» Exercise directions: Copy, please, the line with "65 Scottsdale Lane, Scott Depot, WV 25560" and each line that follows it through the end of the data below, exactly as given and without pictures.

» Data segment:

────

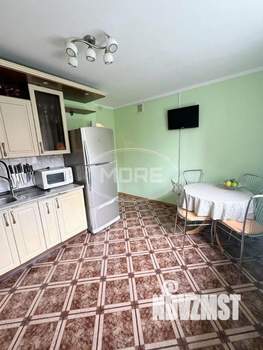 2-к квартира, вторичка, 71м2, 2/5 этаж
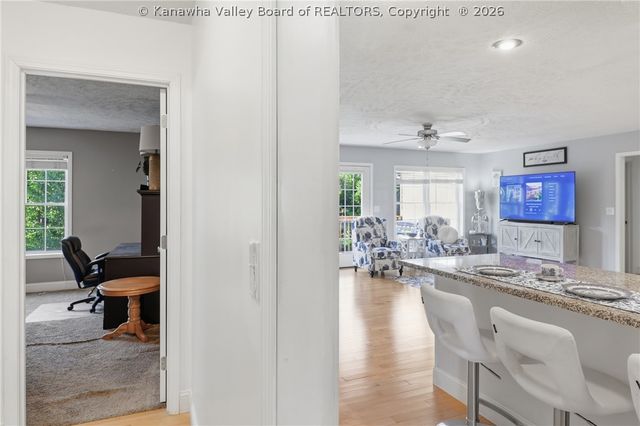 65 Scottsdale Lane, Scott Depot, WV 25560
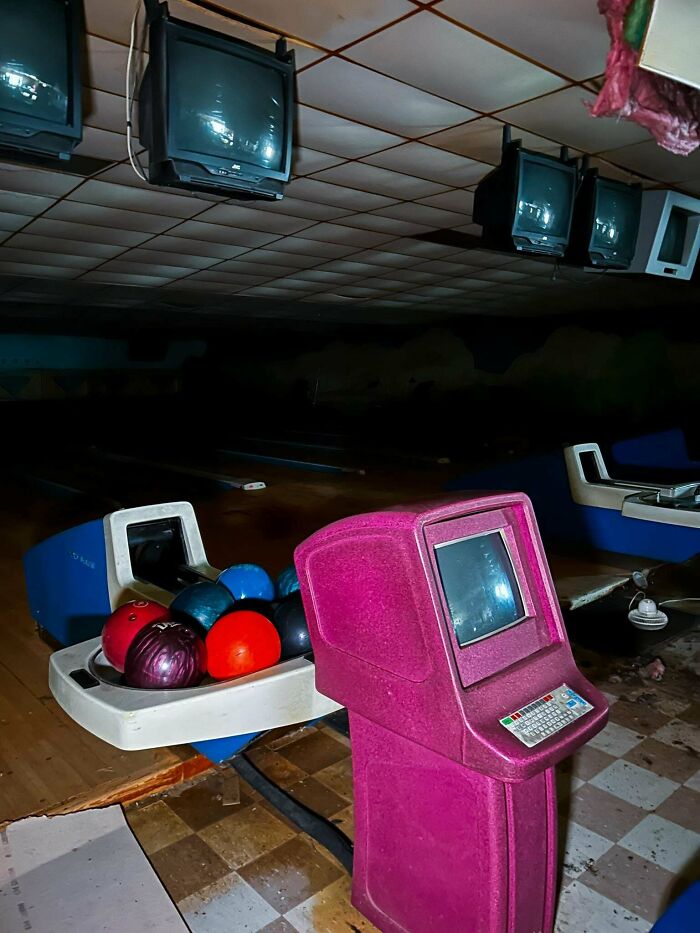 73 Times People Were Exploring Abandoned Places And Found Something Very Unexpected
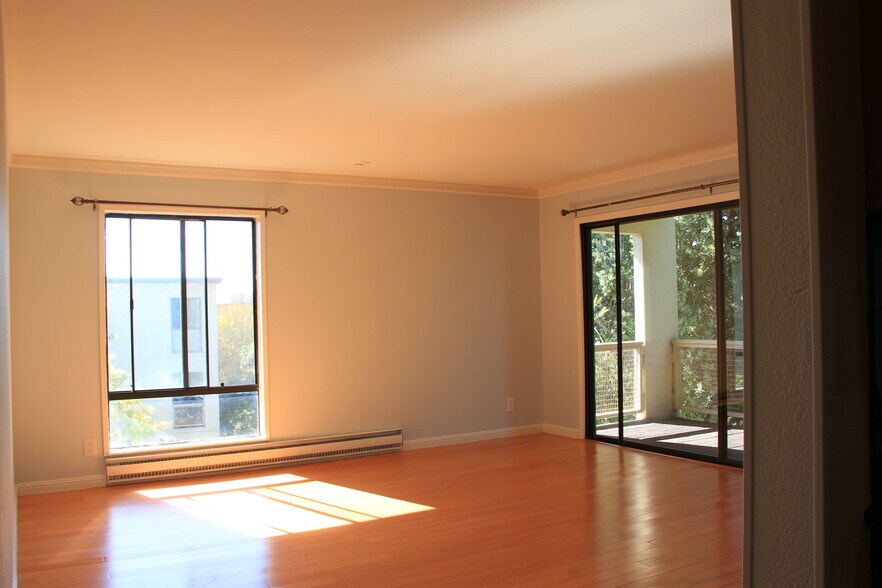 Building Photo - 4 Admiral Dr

────

» Response to this task:
 65 Scottsdale Lane, Scott Depot, WV 25560
 73 Times People Were Exploring Abandoned Places And Found Something Very Unexpected
 Building Photo - 4 Admiral Dr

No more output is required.